Come genitori, vorremmo confortare i nostri figli quando soffrono, ma potrebbe essere più utile lasciar loro uno spazio per sentirsi tristi
L’anno scolastico più strano di sempre è ufficialmente terminato. L’estate – in genere attesa con ansia e ampiamente festeggiata – è arrivata in sordina. La maggior parte delle scuole ha fatto del proprio meglio per dare agli studenti un senso di festa, sapendo bene che sono rimasti separati dai compagni e dagli insegnanti in questi tre mesi di lezioni a distanza.
Se apprezzo profondamente le motivazioni degli insegnanti, le sfilate e i saluti dalla macchina sembravano solo approfondire il senso latente di irrealtà, estraneità e dolore che ci ha avvolti da marzo. I miei figli hanno messo su un bel sorriso, salutando i loro insegnanti, ma non appena ci siamo allontanati dalla scuola la maschera è caduta e i loro occhi si sono riempiti di lacrime.
Volevo confortarli, ma qualsiasi cosa avessi detto sarebbe suonata falsa. Dopo tutto, anche i miei occhi erano pieni di lacrime fin dal momento in cui eravamo entrati nell’area della scuola. Ho invece detto ciò che era vero e che tutti sapevamo: “Ragazzi, che tristezza!” Hanno assentito vigorosamente, asciugandosi le lacrime solo per vederne sgorgare altre. Abbiamo trascorso il resto della giornata in quell’alone strano di dolore che aleggiava fin dalla quarantena e ora ci aveva avvolti completamente.
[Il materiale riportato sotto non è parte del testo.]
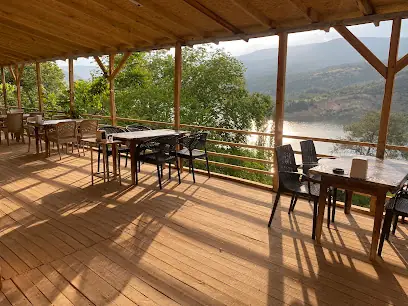 Doğa Restorant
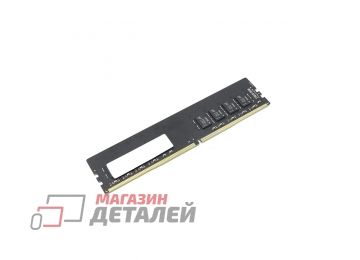 Оперативная память для компьютера (DIMM) Ankowall DDR4 32Гб 3200 MHz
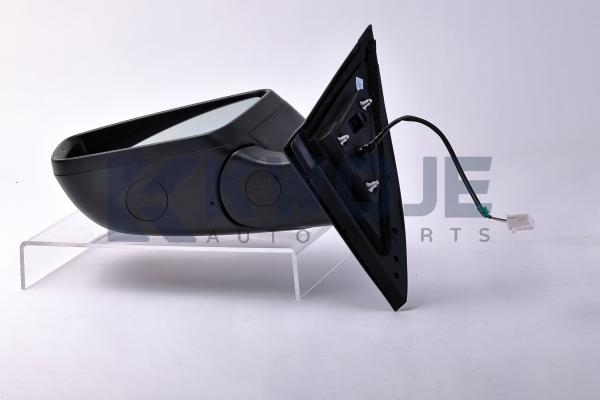 Car Side Mirror Replacement For 2020 JETOUR X70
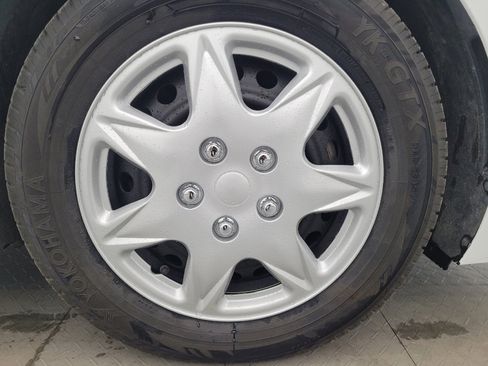 Used 2020 Hyundai Elantra SE w/ Cargo Package (C1) image 31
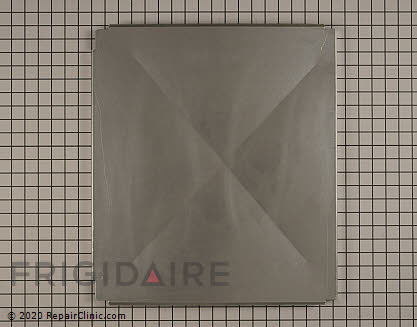 Shield 318939600 Alternate Product View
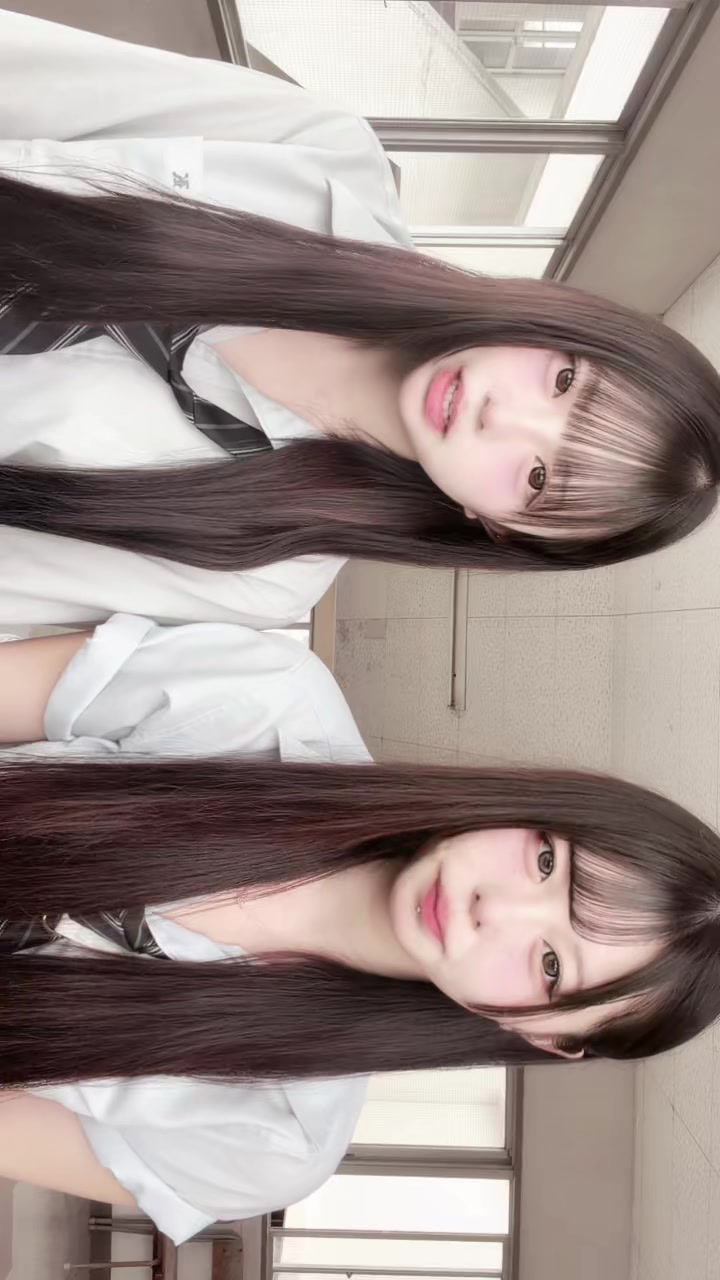 @楓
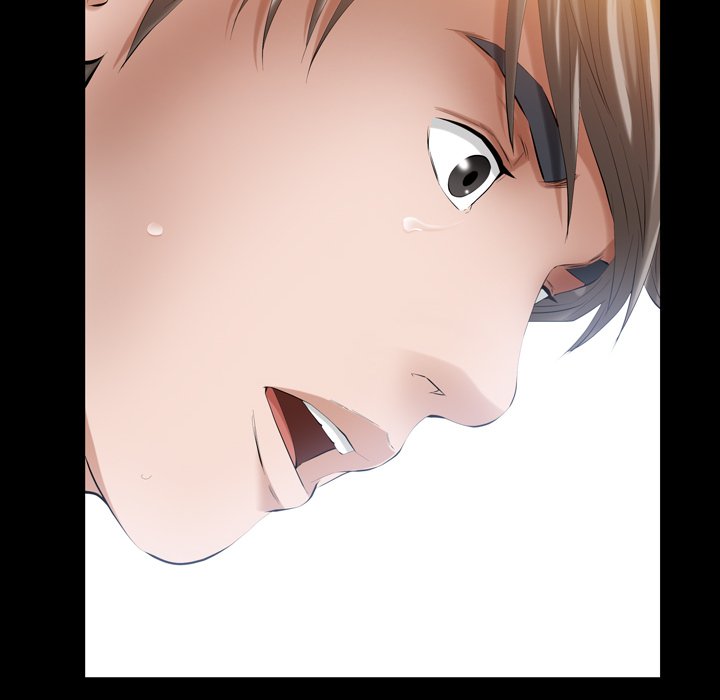 第 137 页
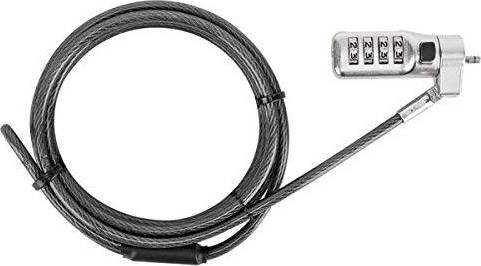 Targus ASP86RGL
Sì, stiamo tutti bene. Nessuno nella nostra famiglia ha perso il lavoro. Sono estremamente grata per quanto siamo benedetti per il fatto di aver attraversato indenni questa prova, ma nessuno di noi non ha avuto delle conseguenze.
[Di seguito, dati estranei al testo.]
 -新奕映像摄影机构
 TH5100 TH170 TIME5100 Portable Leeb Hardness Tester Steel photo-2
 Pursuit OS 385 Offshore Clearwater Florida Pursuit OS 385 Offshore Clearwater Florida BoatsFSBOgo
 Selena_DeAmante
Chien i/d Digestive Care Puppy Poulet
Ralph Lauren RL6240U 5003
Credo che costringere i miei figli a concentrarsi solo sulle cose positive non avrebbe fatto loro un favore. Hanno perso tante cose in questi mesi – ciascuno di loro aveva dei riti di passaggio che ha perso… per sempre. Le amicizie sono state messe in pausa, gli sport cancellati, e la gioia e la luce della primavera sono scomparse dal 2020.